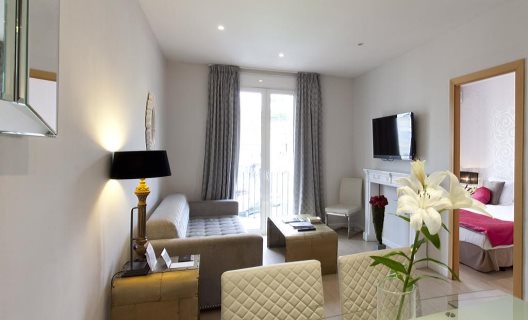 Apartamentos Grandom Suites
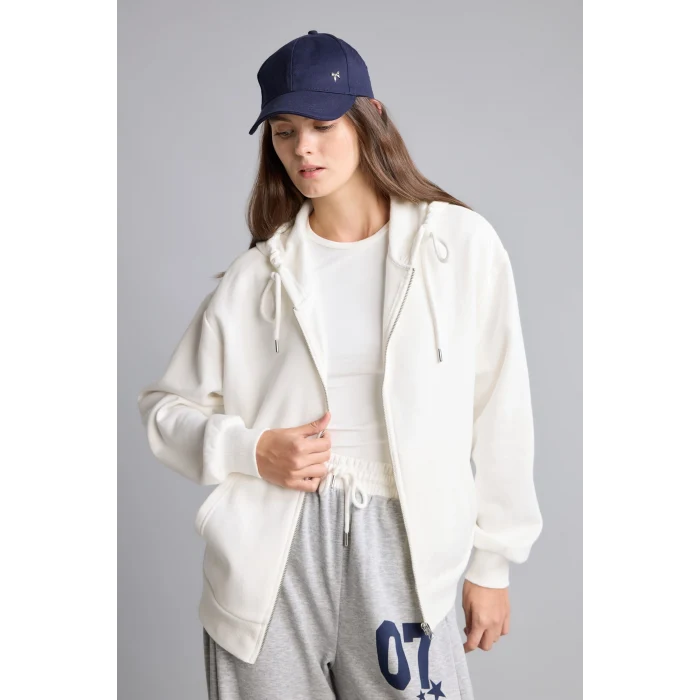 Defacto C1809AXER105 Ekru Relax Fit Kapüşonlu Cepli Basıc Fermuarlı Sweatshirt
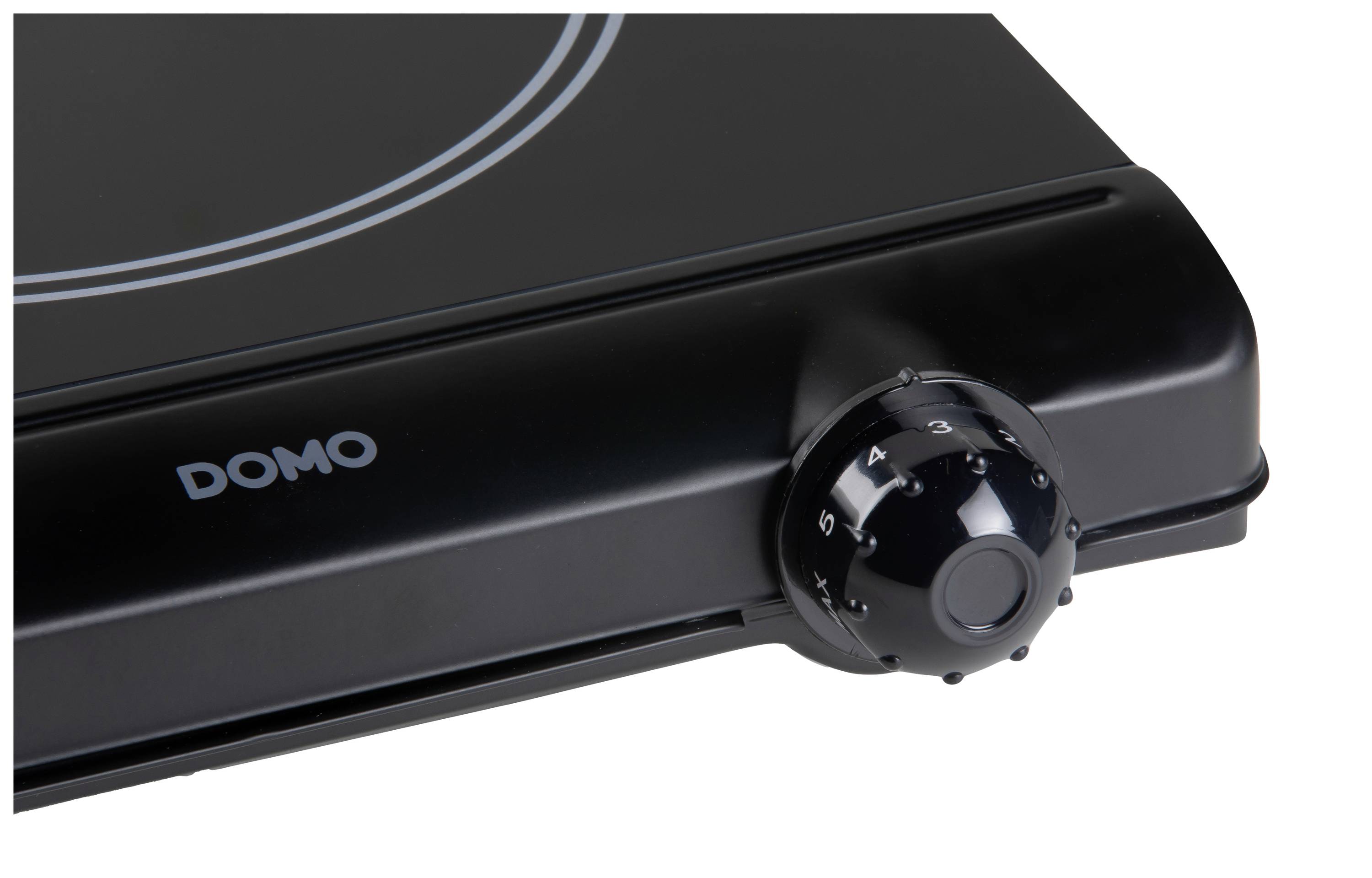 Piastra elettrica nera con manopola regolabile, contrassegnata con 'DOMO'. Adatta per riscaldare pentole e padelle.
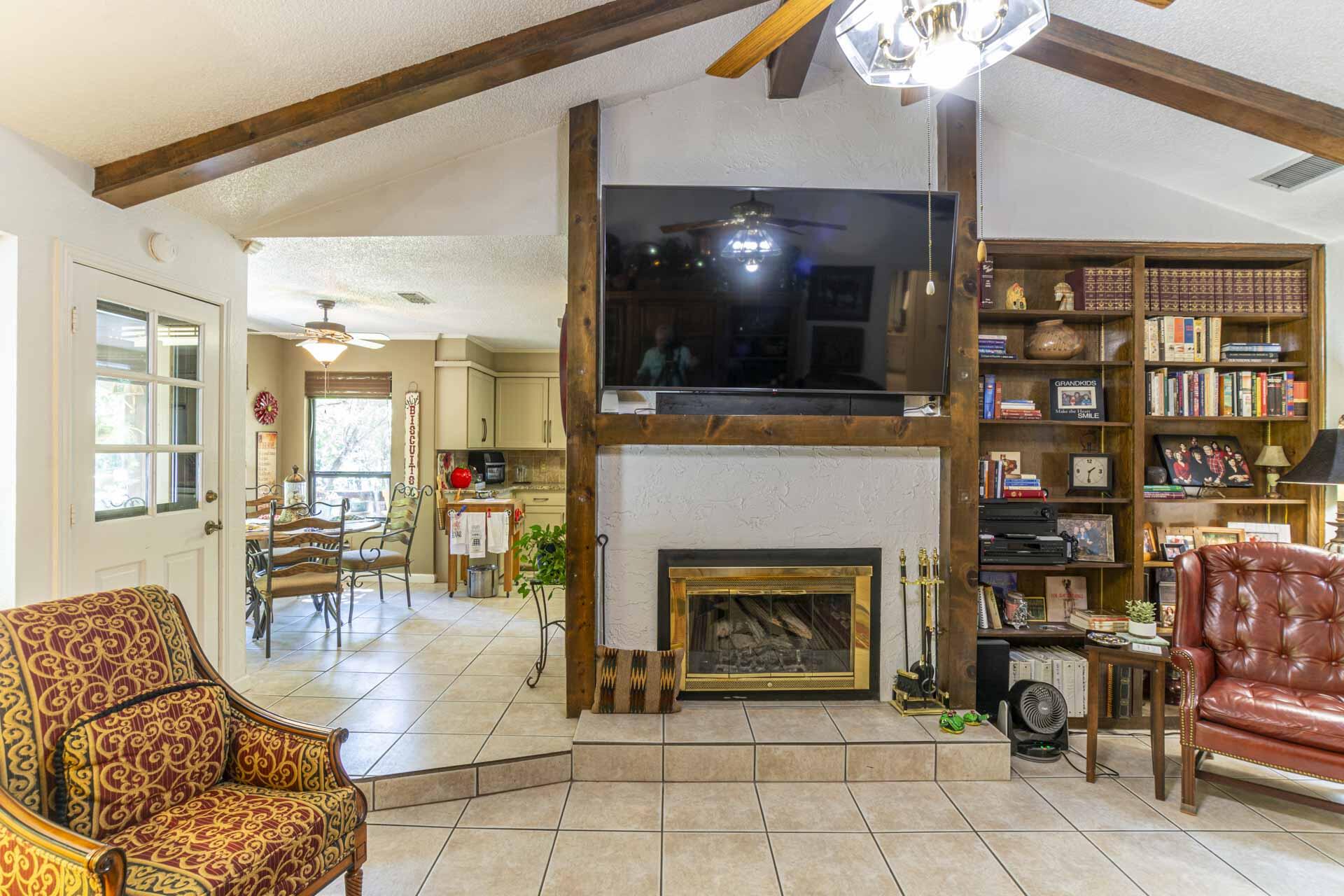 17 West Brookhollow Ransom Canyon, TX 79366 - Photo 9 of 47 untitled-21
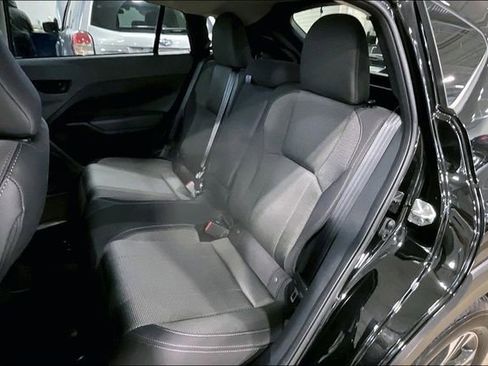 Used 2024 Subaru Crosstrek 2.0i Premium image 26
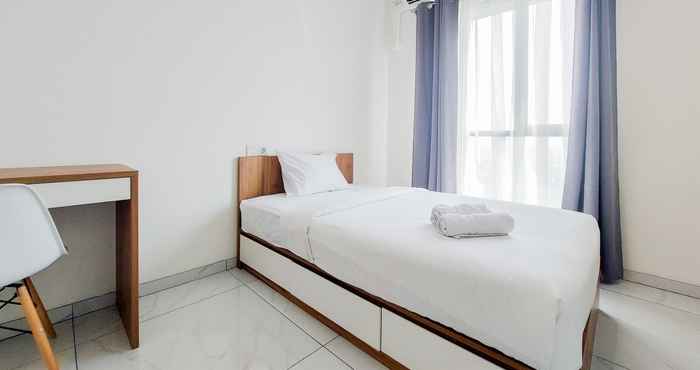 ห้องนอน Homey and Comfortable Studio Apartment at Sky House Alam Sutera By Travelio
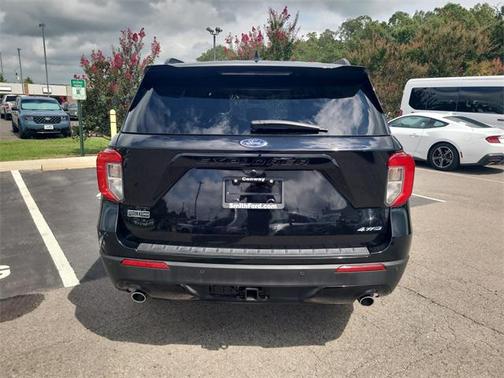 2022 Ford Explorer ST-Line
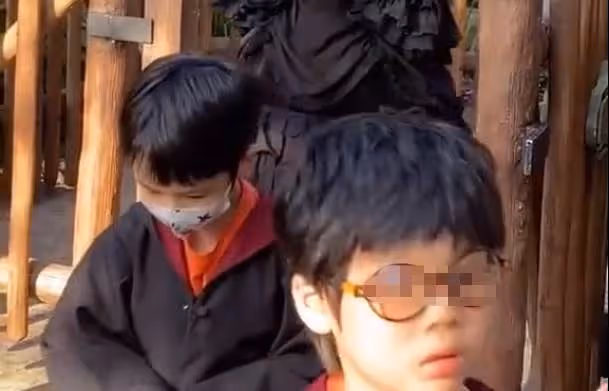 5歲小海綿被曝光正面照!身高已過楊穎的腰部,「精緻五官+白皙膚色」顏值出眾,網友驚呼:簡直迷你版黃曉明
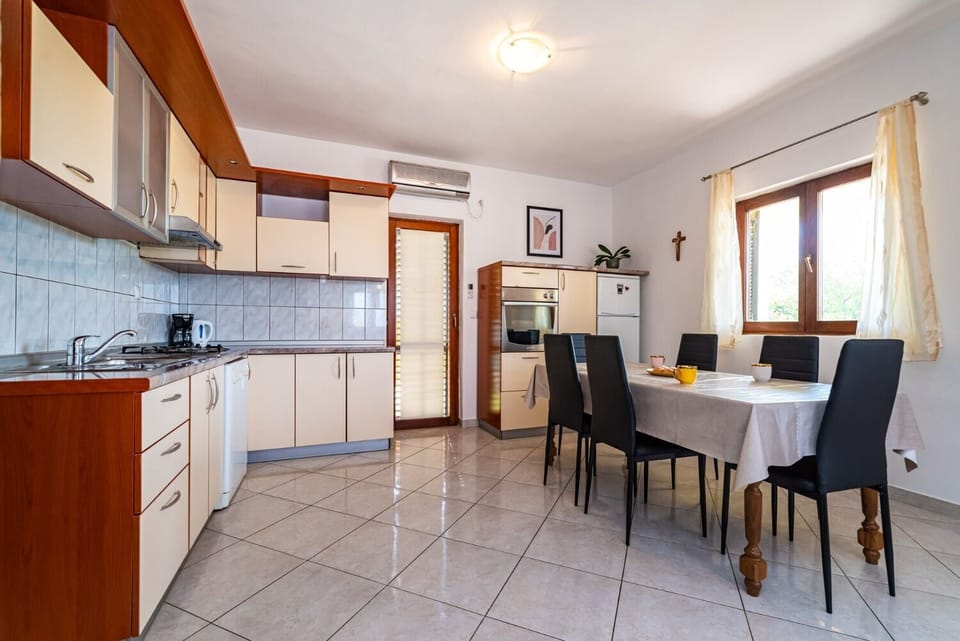 Apartment (A1) | Private kitchen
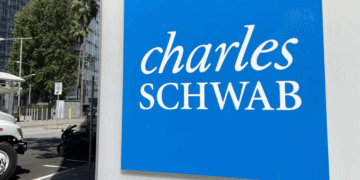 Charles Schwab CEO Sees Crypto as a New Revenue Engine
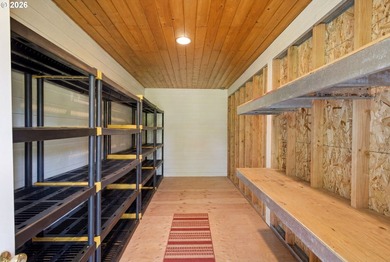 OPEN SUNDAY JULY 26th FROM 12pm - 2pm.Country living meets - photo 33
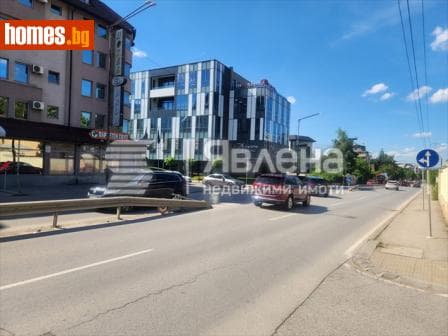 Тристаен, 110m²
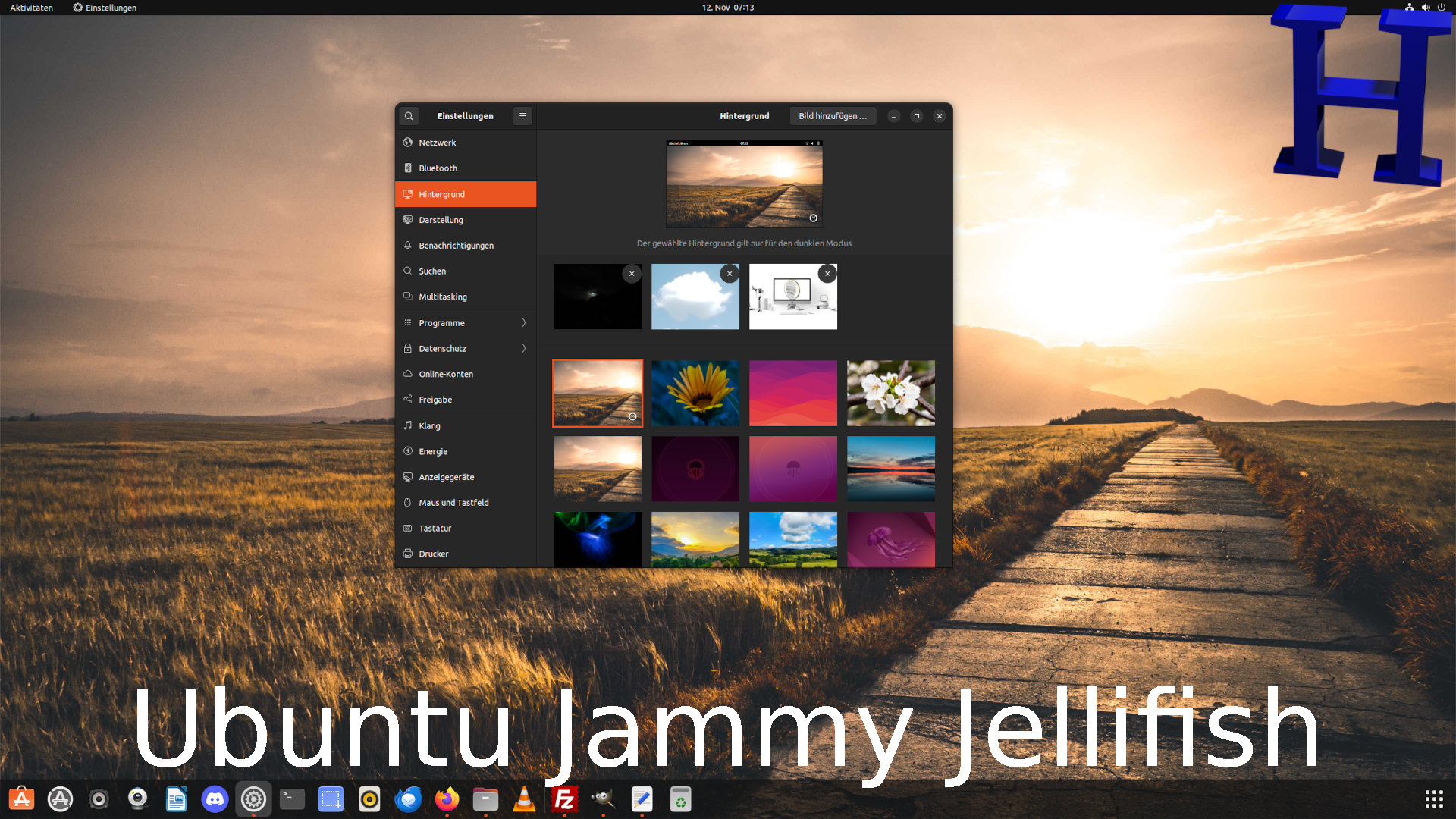 Ubuntu 22.04 LTS Jammy Jellyfish Ubuntu 22.04 LTS Jammy Jellyfish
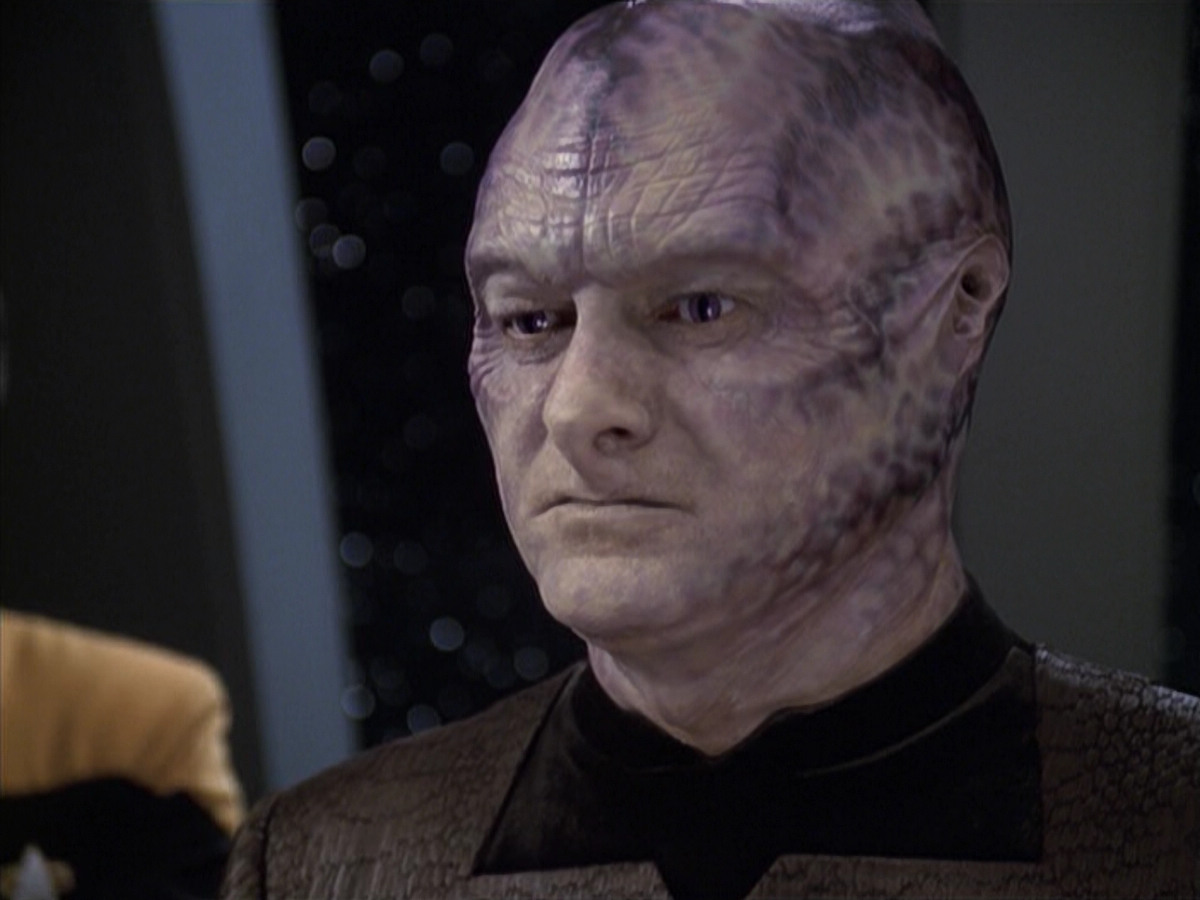 extant_StarTrek_VOY_6x18-AshesToAshes_02964.jpg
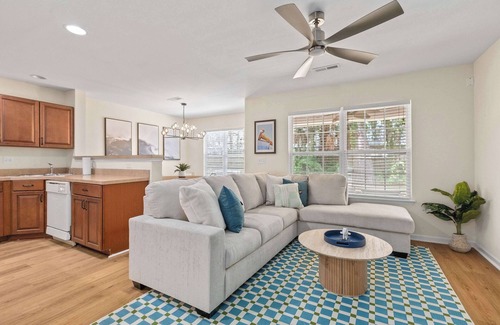 Charleston Casa | Queen Kelsey - mins from Credit One - pet friendly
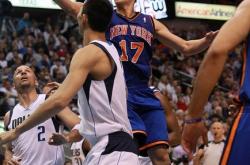 开云体育官方网站-尼克斯横扫深圳队，易建联带队取胜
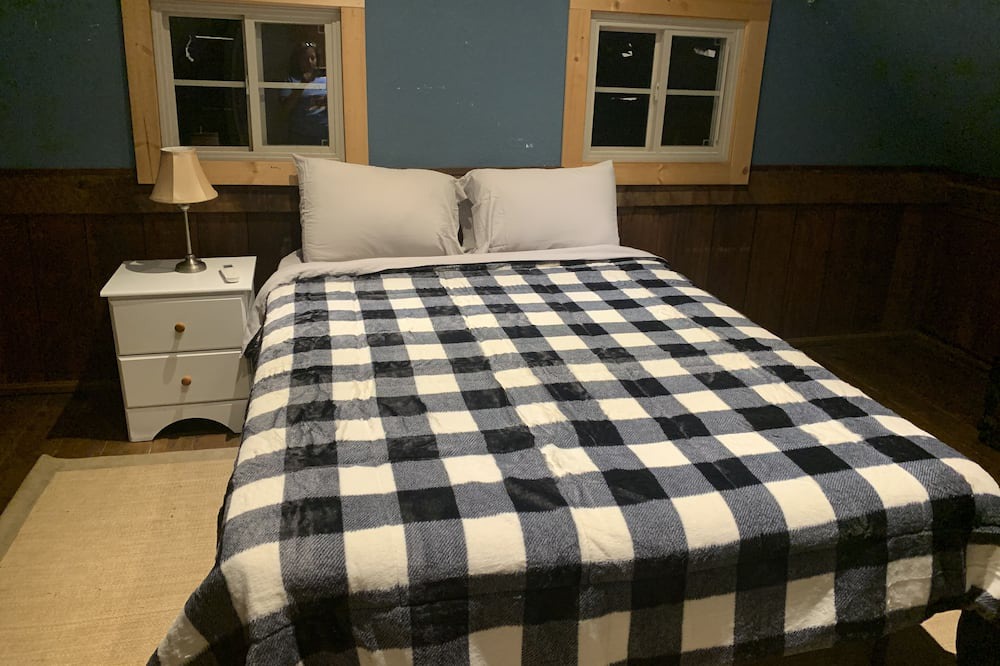 Photo of Bedroom in Robbinsville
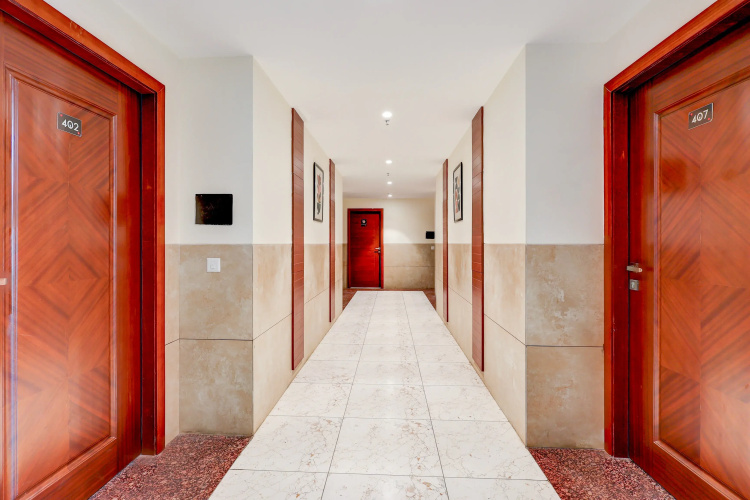 Super Townhouse Oak Sector 39 Medanta
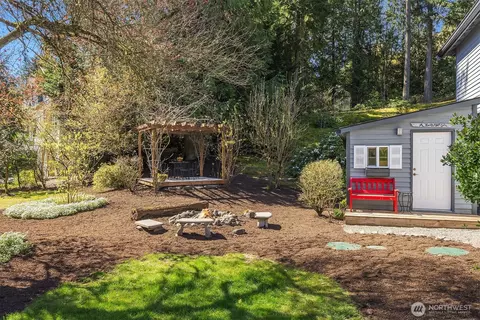 Exterior - 16309 110th Ave NE, Bothell, WA 98011 photo 6 of 12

■ **WHAT IS NEEDED**: Give back every entry word for word, and drop the pictures as you go.

■ **EXERCISE RESPONSE**:
 Apartamentos Grandom Suites
 Defacto C1809AXER105 Ekru Relax Fit Kapüşonlu Cepli Basıc Fermuarlı Sweatshirt
 Piastra elettrica nera con manopola regolabile, contrassegnata con 'DOMO'. Adatta per riscaldare pentole e padelle.
 17 West Brookhollow Ransom Canyon, TX 79366 - Photo 9 of 47 untitled-21
 Used 2024 Subaru Crosstrek 2.0i Premium image 26
 ห้องนอน Homey and Comfortable Studio Apartment at Sky House Alam Sutera By Travelio
 2022 Ford Explorer ST-Line
 5歲小海綿被曝光正面照!身高已過楊穎的腰部,「精緻五官+白皙膚色」顏值出眾,網友驚呼:簡直迷你版黃曉明
 Apartment (A1) | Private kitchen
 Charles Schwab CEO Sees Crypto as a New Revenue Engine
 OPEN SUNDAY JULY 26th FROM 12pm - 2pm.Country living meets - photo 33
 Тристаен, 110m²
 Ubuntu 22.04 LTS Jammy Jellyfish Ubuntu 22.04 LTS Jammy Jellyfish
 extant_StarTrek_VOY_6x18-AshesToAshes_02964.jpg
 Charleston Casa | Queen Kelsey - mins from Credit One - pet friendly
 开云体育官方网站-尼克斯横扫深圳队，易建联带队取胜
 Photo of Bedroom in Robbinsville
 Super Townhouse Oak Sector 39 Medanta
 Exterior - 16309 110th Ave NE, Bothell, WA 98011 photo 6 of 12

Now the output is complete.